- [Exercise description]: The expected output is each line from the one containing "Item preview, Virgo" to the last line of the data below, set down exactly, minus the pictures.

- [Source material]:

= = = = = = =

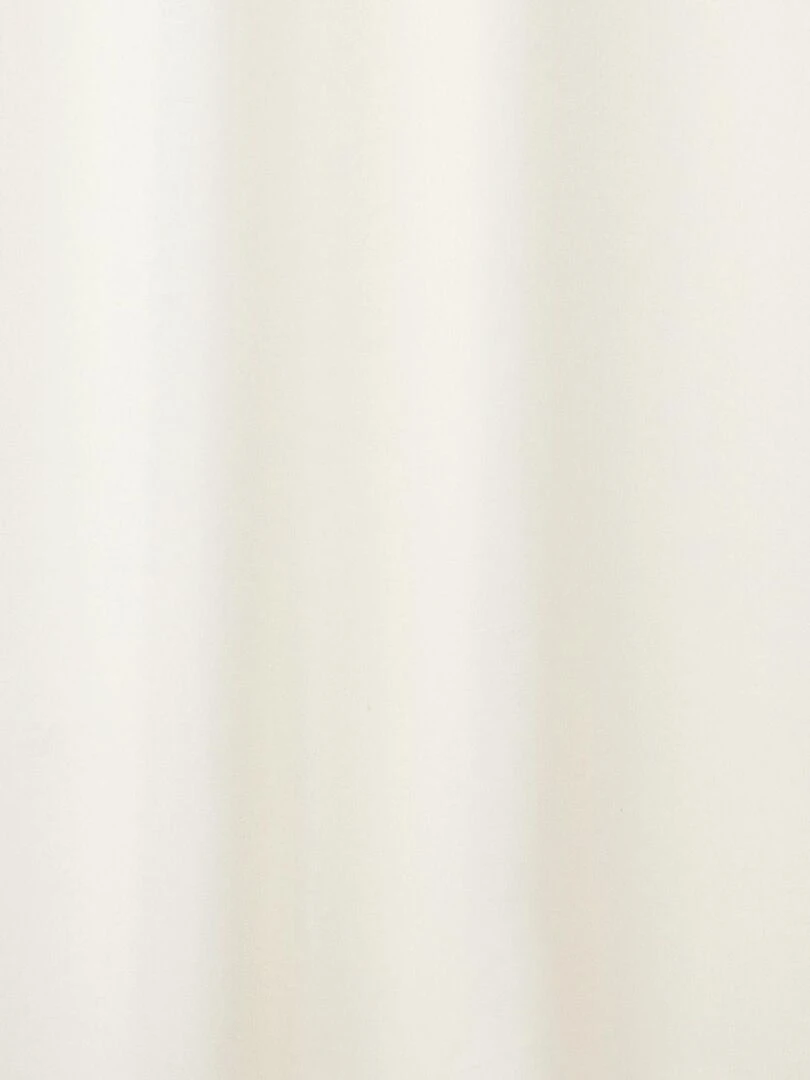 Rideau occultant uni coloré   Blanc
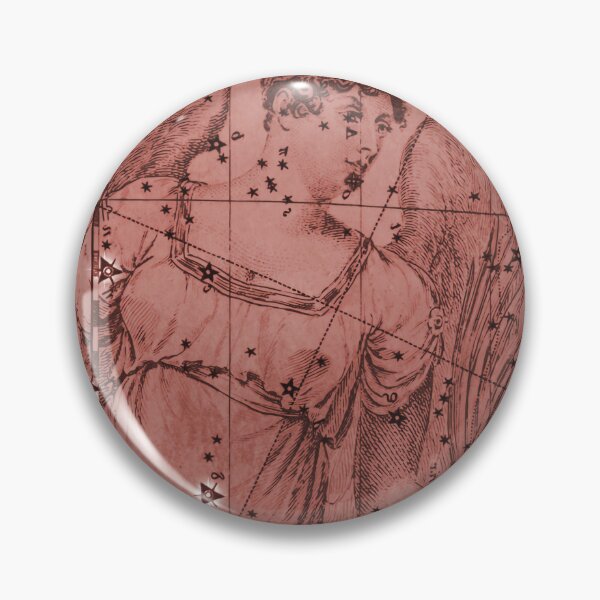 Item preview, Virgo Zodiac Constellation Star Map, Red designed and sold by notsweettea.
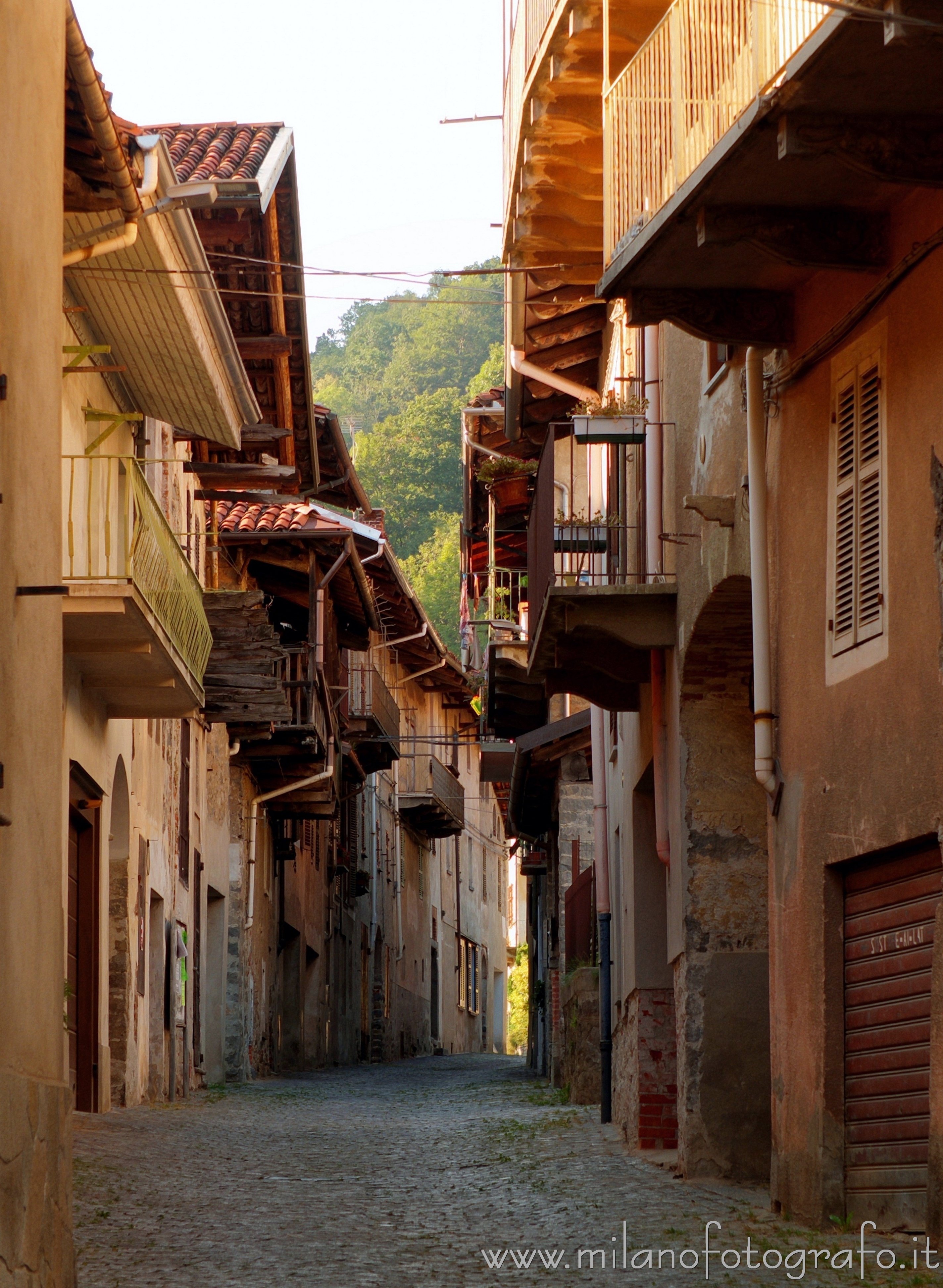 Passobreve fraction of Sagliano Micca (Biella, Italy) - Old houses of the village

= = = = = = =

- [Task output]:
 Item preview, Virgo Zodiac Constellation Star Map, Red designed and sold by notsweettea.
 Passobreve fraction of Sagliano Micca (Biella, Italy) - Old houses of the village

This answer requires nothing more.